• _RECORDS PROVIDED_
-----

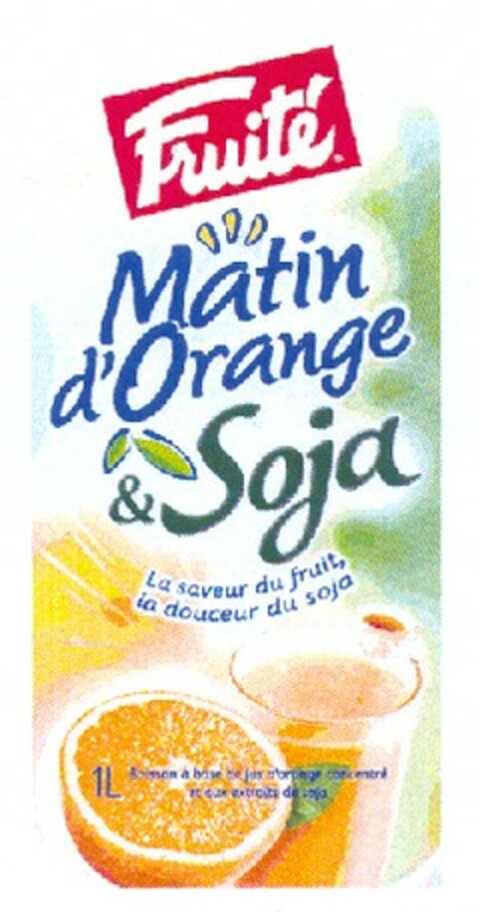 Fruité Matin d'Orange & Soja La saveur du fruit, la douceur du soja Logo (EUIPO, 09.05.2006)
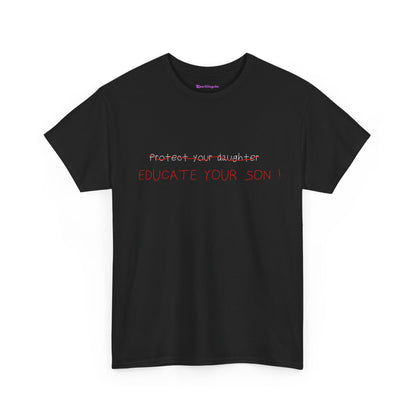 Educate Your Son T-Shirt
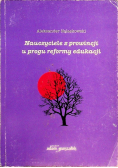 Nauczyciele z prowincji w progu reformy edukacji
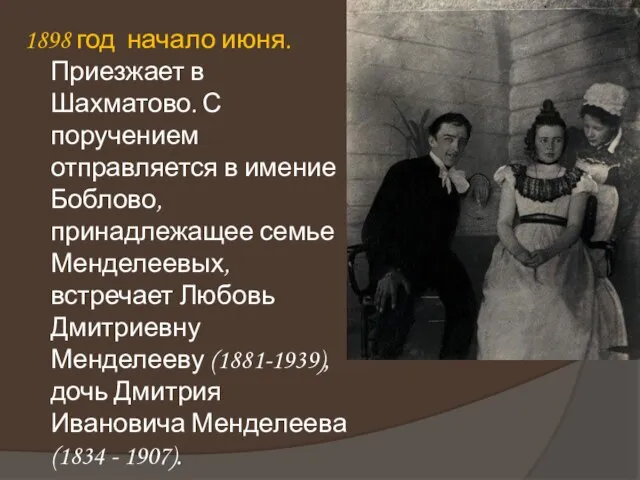 1898 год начало июня. Приезжает в Шахматово. С поручением отправляется в имение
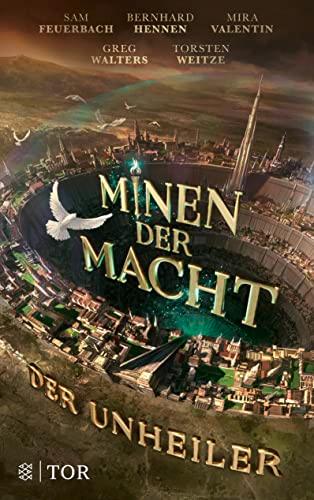 Minen der Macht: Der Unheiler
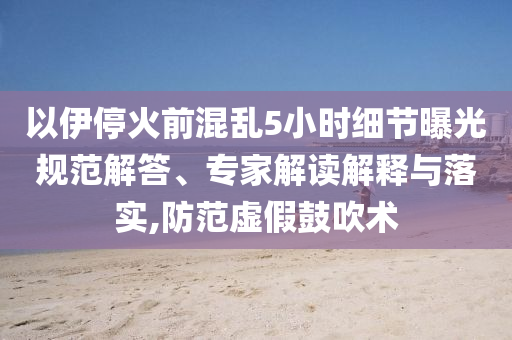 以伊?；鹎盎靵y5小時(shí)細(xì)節(jié)曝光規(guī)范解答、專家解讀解釋與落實(shí),防范虛假鼓吹術(shù)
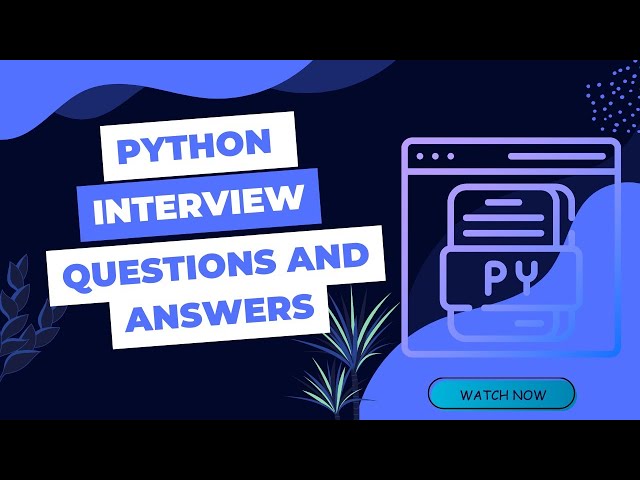 Python Interview Questions and Answers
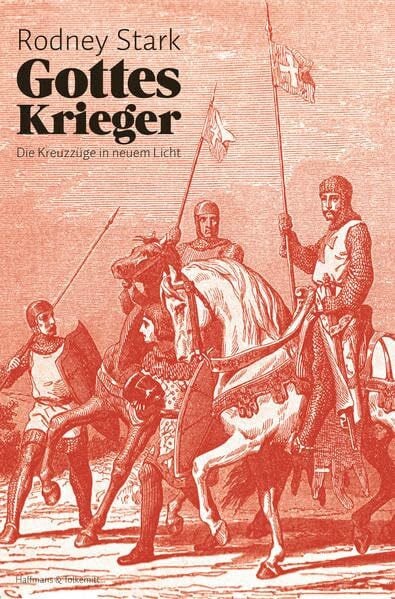 Stark, Rodney Gottes Krieger: Die Kreuzzüge in neuem Licht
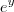 e^y e^y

-----

• _WHAT NEEDS TO BE DONE_
No pictures go in the copy. Retype exactly the lines from the one with "Stark, Rodney Gottes" through the last line of the entries above, both included, and nothing more.

• _EXERCISE OUTPUT_
 Stark, Rodney Gottes Krieger: Die Kreuzzüge in neuem Licht
 e^y e^y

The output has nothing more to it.